The 959 was greenlighted as a way of accelerating development of new technologies at Zuffenhausen, specifically through Group B road racing. Though that formula eventually became more focused on rallying, the 959 project continued on as primarily road-focused machine whose advanced engineering and super-high performance would have a kind of halo-effect for Porsche as a whole. Upon its 1986 release, in fact, the 959 was the fastest production car in the world, with a top speed of 195 MPH for standard cars and 197 for sport models—a record Porsche could claim for less than a year, for Ferrari was about to release their own Group B-inspired twin turbo missile upon the world, the mighty F40.
The F40 gets a special mention not only because of its role as the 959’s sole contemporary competitor, but also because of the stark contrast it shows between two engineering philosophies, a chasm seemingly larger even than the distance between Stuttgart and Modena. The F40, though built of similarly techy composites, was a raw and wild beast, an unrefined and single-minded machine designed with the sole intent of being the fastest and purest expression of a road-borne racecar possible at the time.
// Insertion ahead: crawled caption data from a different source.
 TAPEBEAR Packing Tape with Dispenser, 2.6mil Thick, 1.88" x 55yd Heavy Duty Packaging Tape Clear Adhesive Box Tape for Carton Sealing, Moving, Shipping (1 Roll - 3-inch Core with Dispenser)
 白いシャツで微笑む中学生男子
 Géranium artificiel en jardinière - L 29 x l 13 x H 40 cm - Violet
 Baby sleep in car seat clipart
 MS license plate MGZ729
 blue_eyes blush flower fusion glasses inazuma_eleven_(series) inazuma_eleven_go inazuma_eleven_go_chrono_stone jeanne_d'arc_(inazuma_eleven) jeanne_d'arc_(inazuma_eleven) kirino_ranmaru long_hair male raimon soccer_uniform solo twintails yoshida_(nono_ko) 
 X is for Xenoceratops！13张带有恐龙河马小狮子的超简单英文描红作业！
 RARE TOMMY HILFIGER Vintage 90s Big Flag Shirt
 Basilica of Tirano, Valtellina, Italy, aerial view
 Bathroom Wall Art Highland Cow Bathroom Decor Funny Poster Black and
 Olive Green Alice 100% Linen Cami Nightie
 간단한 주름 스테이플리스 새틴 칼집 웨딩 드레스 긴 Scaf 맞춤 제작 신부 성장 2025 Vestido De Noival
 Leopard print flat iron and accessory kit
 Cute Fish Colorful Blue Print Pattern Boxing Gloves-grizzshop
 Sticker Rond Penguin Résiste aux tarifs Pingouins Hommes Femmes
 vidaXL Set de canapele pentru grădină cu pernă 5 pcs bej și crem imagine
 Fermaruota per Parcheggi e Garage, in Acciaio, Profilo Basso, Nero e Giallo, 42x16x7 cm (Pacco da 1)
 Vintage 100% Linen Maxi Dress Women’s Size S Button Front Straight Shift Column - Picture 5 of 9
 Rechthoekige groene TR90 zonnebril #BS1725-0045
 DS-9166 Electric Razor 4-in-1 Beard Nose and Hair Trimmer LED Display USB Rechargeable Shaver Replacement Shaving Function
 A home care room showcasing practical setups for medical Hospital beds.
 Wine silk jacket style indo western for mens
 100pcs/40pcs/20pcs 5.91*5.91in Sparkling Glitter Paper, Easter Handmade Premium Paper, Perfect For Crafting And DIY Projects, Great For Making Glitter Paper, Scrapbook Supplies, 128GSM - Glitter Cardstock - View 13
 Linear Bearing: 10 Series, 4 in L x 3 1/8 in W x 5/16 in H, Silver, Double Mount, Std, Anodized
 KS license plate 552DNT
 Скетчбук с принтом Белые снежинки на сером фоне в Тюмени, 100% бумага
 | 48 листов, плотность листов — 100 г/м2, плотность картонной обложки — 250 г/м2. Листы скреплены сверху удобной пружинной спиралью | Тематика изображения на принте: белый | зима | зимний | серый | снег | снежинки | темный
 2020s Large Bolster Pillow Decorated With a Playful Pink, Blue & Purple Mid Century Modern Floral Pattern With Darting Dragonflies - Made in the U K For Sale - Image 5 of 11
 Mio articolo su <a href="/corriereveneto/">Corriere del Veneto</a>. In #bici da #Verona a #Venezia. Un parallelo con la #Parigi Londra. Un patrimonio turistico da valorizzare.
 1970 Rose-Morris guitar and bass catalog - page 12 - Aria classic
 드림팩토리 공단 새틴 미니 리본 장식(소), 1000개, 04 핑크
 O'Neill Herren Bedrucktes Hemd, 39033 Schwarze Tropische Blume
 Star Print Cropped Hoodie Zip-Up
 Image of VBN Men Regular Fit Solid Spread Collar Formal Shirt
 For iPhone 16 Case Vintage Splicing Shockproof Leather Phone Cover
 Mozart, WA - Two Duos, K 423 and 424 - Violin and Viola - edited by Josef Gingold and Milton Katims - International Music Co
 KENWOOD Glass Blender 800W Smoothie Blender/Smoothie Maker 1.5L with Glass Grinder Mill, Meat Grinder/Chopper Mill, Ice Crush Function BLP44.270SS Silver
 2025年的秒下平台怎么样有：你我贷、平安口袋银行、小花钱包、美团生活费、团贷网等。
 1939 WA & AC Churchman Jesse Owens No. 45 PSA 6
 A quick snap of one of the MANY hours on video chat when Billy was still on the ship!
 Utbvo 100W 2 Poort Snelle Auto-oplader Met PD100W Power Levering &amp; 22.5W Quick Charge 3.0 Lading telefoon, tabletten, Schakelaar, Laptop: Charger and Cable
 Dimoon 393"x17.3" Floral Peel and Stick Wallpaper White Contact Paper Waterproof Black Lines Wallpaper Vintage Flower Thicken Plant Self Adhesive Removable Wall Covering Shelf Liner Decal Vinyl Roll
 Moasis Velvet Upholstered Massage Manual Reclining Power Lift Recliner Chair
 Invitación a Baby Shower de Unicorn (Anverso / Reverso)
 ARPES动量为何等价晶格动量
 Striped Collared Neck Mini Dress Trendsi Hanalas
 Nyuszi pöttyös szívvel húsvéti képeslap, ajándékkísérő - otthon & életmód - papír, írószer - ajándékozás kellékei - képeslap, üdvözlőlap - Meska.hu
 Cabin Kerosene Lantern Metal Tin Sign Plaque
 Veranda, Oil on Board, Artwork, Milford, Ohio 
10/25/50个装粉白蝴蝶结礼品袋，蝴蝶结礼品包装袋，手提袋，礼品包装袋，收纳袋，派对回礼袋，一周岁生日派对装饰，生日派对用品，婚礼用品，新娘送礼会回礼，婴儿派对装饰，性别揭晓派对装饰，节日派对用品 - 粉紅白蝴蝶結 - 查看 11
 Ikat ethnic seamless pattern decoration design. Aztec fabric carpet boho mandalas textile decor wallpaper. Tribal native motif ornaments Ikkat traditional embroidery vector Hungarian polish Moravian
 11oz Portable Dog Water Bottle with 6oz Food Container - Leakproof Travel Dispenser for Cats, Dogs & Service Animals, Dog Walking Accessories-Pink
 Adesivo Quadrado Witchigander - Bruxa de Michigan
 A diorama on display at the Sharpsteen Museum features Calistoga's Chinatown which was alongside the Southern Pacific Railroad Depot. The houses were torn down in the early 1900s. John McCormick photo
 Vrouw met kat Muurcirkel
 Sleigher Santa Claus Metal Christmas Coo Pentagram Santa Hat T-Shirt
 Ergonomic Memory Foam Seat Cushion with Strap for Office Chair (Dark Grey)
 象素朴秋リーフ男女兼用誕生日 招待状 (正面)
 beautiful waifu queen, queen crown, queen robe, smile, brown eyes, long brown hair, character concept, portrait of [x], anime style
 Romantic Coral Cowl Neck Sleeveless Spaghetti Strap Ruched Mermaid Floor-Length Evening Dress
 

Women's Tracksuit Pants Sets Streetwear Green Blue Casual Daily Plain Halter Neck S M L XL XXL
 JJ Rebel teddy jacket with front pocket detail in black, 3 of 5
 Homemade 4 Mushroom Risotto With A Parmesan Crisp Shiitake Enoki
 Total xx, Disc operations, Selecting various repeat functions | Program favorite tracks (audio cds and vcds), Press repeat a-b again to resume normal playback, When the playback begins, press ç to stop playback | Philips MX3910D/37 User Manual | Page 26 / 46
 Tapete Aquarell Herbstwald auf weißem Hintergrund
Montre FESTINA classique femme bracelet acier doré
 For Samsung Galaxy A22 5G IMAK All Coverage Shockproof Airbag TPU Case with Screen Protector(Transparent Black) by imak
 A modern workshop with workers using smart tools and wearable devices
While both cars utilized twin turbos, the F40’s were parallel whereas the Porsche’s were sequential in order to reduce lag. A fully sound-proofed, leather lined interior with electrically adjusted and heated seats, climate control, and multi-speaker hi-fi in the 959 compared to bare wire door pulls, naked carbon floors with joints sealed by hand-applied, goopy-looking caulk, plasticky and cheap-feeling Fiat parts bin controls, a felt-lined dashboard, and sliding-panel Perspex windows in the Ferrari. As a disclaimer I should point out that I equally adore both cars, it’s just that each one is uniquely reflective of the national ethos that birthed it—horses for courses, right?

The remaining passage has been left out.